Please transcribe the following records in full, exactly as given.

============================================================

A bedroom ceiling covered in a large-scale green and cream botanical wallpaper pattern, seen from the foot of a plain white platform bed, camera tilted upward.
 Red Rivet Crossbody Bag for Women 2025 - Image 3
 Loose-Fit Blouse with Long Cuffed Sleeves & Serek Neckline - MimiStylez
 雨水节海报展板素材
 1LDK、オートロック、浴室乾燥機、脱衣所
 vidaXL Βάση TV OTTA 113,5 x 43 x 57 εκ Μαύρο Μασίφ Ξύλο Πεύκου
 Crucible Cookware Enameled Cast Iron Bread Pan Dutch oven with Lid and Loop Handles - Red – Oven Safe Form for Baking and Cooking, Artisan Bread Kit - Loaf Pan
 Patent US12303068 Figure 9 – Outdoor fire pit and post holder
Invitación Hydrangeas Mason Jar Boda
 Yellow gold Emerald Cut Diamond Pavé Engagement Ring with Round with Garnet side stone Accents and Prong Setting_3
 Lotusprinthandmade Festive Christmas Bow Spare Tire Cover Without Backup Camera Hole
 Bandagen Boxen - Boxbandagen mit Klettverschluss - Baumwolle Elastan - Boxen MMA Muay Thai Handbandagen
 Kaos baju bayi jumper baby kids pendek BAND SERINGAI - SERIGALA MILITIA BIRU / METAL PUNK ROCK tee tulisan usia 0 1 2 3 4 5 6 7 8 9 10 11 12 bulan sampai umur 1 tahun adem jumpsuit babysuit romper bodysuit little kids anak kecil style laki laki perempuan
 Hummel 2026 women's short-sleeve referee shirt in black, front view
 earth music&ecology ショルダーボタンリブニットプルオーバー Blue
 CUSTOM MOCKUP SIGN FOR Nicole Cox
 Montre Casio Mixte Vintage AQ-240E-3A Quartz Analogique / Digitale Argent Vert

============================================================

*The answer*
A bedroom ceiling covered in a large-scale green and cream botanical wallpaper pattern, seen from the foot of a plain white platform bed, camera tilted upward.
 Red Rivet Crossbody Bag for Women 2025 - Image 3
 Loose-Fit Blouse with Long Cuffed Sleeves & Serek Neckline - MimiStylez
 雨水节海报展板素材
 1LDK、オートロック、浴室乾燥機、脱衣所
 vidaXL Βάση TV OTTA 113,5 x 43 x 57 εκ Μαύρο Μασίφ Ξύλο Πεύκου
 Crucible Cookware Enameled Cast Iron Bread Pan Dutch oven with Lid and Loop Handles - Red – Oven Safe Form for Baking and Cooking, Artisan Bread Kit - Loaf Pan
 Patent US12303068 Figure 9 – Outdoor fire pit and post holder
Invitación Hydrangeas Mason Jar Boda
 Yellow gold Emerald Cut Diamond Pavé Engagement Ring with Round with Garnet side stone Accents and Prong Setting_3
 Lotusprinthandmade Festive Christmas Bow Spare Tire Cover Without Backup Camera Hole
 Bandagen Boxen - Boxbandagen mit Klettverschluss - Baumwolle Elastan - Boxen MMA Muay Thai Handbandagen
 Kaos baju bayi jumper baby kids pendek BAND SERINGAI - SERIGALA MILITIA BIRU / METAL PUNK ROCK tee tulisan usia 0 1 2 3 4 5 6 7 8 9 10 11 12 bulan sampai umur 1 tahun adem jumpsuit babysuit romper bodysuit little kids anak kecil style laki laki perempuan
 Hummel 2026 women's short-sleeve referee shirt in black, front view
 earth music&ecology ショルダーボタンリブニットプルオーバー Blue
 CUSTOM MOCKUP SIGN FOR Nicole Cox
 Montre Casio Mixte Vintage AQ-240E-3A Quartz Analogique / Digitale Argent Vert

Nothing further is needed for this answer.